Shortly before leaving him, I told him I wanted to have separate bank accounts in addition to the shared one. 

And I started drinking.  I bought this wonderful green tea liquor and had a shot on ice when I got home from work.  I enjoyed his discomfort.  Besides, the stress in our relationship had increased so drastically, and his sexual abuse had become worse, so I had trouble going to bed with him, much less was able to fall asleep when I got there.  Alcohol helped there.

Then after I really left him, I spent a few months or so buzzed– not drunk off my ass or even drunk, but still.

And now I have a rule that I only drink when I am already happy.  But I have been slipping.  Hence the AA.  I’d rather do the 12 steps before I have to go through rehab, you know?

Advertisements

moving

September 13, 2010

I’ve stopped after only an hour of packing to wonder why I want to stop packing.  I am moving tomorrow– if I can get everything in my hatchback, that is.  I have my doubts.  My lizard’s terrarium and my guitar take up a good amount of awkward space, but hopefully I can also fit in two garbage bags of clothes, Indian spices, books, and of course the dog in her travel-box.  Books and desktop computer are going in last just in case it don’t all fit.

The worst part of leaving NorCal is leaving my mom.  Everything else, I think I can handle.  I am moving back in with my old housemates, and this is giving me pause.  I really really REALLY want to be independent right now, but without a job that is pretty much impossible.  I want to live alone and answer to nobody.  I love to be surrounded by friends, but I require privacy.  But the thing is, I am so totally fucked up from being married to a con artist– I don’t even know the extent of the damage yet.  I completely appreciate good advice and guidance, but it is difficult to be gracious about it when what I really want is to just go go go how I want to.  I don’t want to be using my friends and then just take off when I get the job and everything settled.  But of course, that is also exactly what I want on some level– I can’t live on the generosity of my friends forever.

When it comes down to it, I don’t know how healthy relationships are supposed to work.  If a friend needs help and a place to stay, and you can provide it, what does the friend owe you?  Is that a favor?  Is that simply what friends do?  It feels like a debt; how will I repay it? 

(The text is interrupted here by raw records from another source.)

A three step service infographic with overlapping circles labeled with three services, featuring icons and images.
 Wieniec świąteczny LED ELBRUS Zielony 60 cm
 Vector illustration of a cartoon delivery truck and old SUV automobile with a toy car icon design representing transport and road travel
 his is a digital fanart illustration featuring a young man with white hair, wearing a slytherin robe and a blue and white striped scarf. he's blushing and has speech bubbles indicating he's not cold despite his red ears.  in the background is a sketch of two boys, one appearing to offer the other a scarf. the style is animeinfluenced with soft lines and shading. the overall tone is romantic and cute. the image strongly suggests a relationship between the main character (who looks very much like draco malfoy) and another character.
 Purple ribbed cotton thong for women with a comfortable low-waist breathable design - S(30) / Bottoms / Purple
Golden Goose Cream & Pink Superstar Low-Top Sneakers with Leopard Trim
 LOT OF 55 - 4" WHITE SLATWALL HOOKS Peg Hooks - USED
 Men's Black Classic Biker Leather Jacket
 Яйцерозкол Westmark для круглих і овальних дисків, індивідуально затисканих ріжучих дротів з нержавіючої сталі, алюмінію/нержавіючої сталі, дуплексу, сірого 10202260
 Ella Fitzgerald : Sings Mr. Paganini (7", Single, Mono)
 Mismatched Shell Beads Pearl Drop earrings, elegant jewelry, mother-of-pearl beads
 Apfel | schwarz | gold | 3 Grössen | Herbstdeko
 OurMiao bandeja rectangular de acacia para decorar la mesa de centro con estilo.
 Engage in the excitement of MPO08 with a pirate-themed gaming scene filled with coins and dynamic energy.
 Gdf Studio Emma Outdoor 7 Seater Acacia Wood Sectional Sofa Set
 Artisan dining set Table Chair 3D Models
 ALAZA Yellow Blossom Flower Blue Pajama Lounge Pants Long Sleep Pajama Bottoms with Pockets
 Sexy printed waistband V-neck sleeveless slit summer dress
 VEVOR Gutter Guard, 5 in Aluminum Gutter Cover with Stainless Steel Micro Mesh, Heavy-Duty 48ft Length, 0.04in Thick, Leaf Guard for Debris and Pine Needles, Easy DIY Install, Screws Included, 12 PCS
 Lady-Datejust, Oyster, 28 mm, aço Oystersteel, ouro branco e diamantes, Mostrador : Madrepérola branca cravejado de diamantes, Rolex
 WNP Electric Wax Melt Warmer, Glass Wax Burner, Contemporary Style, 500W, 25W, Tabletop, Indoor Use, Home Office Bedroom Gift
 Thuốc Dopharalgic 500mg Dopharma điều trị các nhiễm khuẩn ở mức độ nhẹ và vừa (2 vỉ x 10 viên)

I conclude that I need to have a talk with my friends.

since you asked

September 6, 2010

Just a quick catchup for anyone who’s still reading… and for myself, because I really need to write more.

Granma died two weeks ago.  I am still living in her house, supposedly sticking around to help my dad out.  He doesn’t ask me to really do anything, though.  So I have mostly been staring out the window feeling sad, watching Cooking Channel, cooking my Indian food, hiding photos and other family paraphernalia (to make the house a little more neutral– it’s kindof weird to be alone in my grandparents’ house), or throwing granma’s knickknacks out (don’t tell dad– I’m doing him a goddamn favor, considering all the shit gma had, but he’s got a bit of a be-in-charge-of-everything problem).

I inherited granma’s dog.  She is an awesome little friend but doesn’t know how to be a dog.  Working on that.

Still recovering from divorce.  More on that later.

Still recovering from losing my faith.  Much more on that later.

My family is kindof insane right now.  Hard to trust them.  My dad and one sister are addicts (alcohol and pot, and meth), my mom is a classic enabler, one sister is doing fine but in a pretty solid partying phase, and my brother liked my ex-husband a lot and doesn’t want to know why I left, so I don’t exactly trust him right now.  I am trying to focus on supporting my mom and helping her feel ready to escape the place.

And, I am preparing to move back to Southern California.

Gotta get my life together.  I think I am ready now.  Or, I am ready to be ready… somewhere in there.